Recipe by Hungry Hogareno
Traditionally served in the hot summer months, this also makes an excellent sipper during the cooler months of fall and winter when you may want to reminisce with a taste of summer. This is so easy to make--just make sure to plan ahead because it does take some time. It also makes a fantastic hostess gift or stocking stuffer. If you can find Meyer lemons, use them in this recipe; they add a wonderfully fruity flavor and aroma to the finished drink. If they are not available, standard-issue lemons from the grocery will work out just fine. Make sure your lemons are washed well to remove any stamping or wax; and when removing the zest, long strips work out best and are easiest to strain out of the finished product. EXTRA: To get the most out of your lemons, juice them after removing the zest. Strain out the seeds, freeze the juice in ice cube trays and then transfer to a freezer bag. They will keep for several months and each cube will yield about a tablespoon of juice whenever you need it. Enjoy ice-cold as is or mix with club soda or sparkling wine; also tasty drizzled over fresh fruit or sliced pound cake for a quick dessert.
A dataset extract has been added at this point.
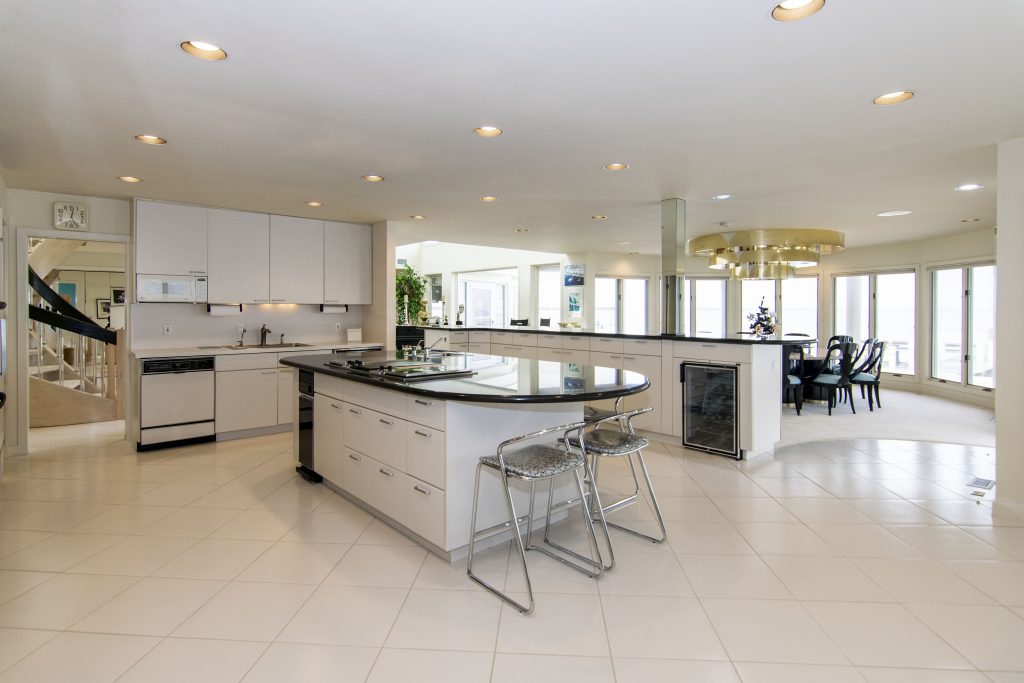 Actor Joe Pesci's Lavallette home, currently listed for sale. (Photo Credit: TopTenRealEstateDeals.com)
Directions See How It's Made
- Wash and dry the lemons. Trim away the zest with a vegetable peeler using a slight back and forth motion for longer strips. Avoid removing the white pith--a little won't hurt, but if there is too much, scrape it away from the zest to avoid making your limoncello bitter. Place the lemon zest in a 1-gallon glass jar and pour the vodka over. Using a wooden spoon, gently stir and press the lemon zest to help release the oils. Cover the jar and put away for 10-14 days. It is best to put the jar in a cupboard or pantry where the exposure to light will be minimized. It also helps if you swirl the contents of the jar every day or two.
- At the end of this initial macerating period, put the sugar and water into a medium saucepan and bring to a simmer over medium heat, stirring to dissolve the sugar. Remove from the heat and let cool completely. Add the cooled syrup to the jar, replace the lid and put the jar away again for another 7-10 days.
- The limoncello should be ready at this point. It should be opaque with a nice yellow hue. If you choose, you can continue to macerate the liqueur for up to one more month to intensify the color and flavor.
- When it is done, strain the limoncello through a fine mesh strainer, pressing on the peels to extract as much of the oils as possible. Stir to combine and then transfer the liqueur to clean bottles. Store in the refrigerator for several days before using.
- For longer storage, keep the bottles in the freezer up to one year--the alcohol content will pevent the limoncello from freezing. Limoncello should be enjoyed ice-cold.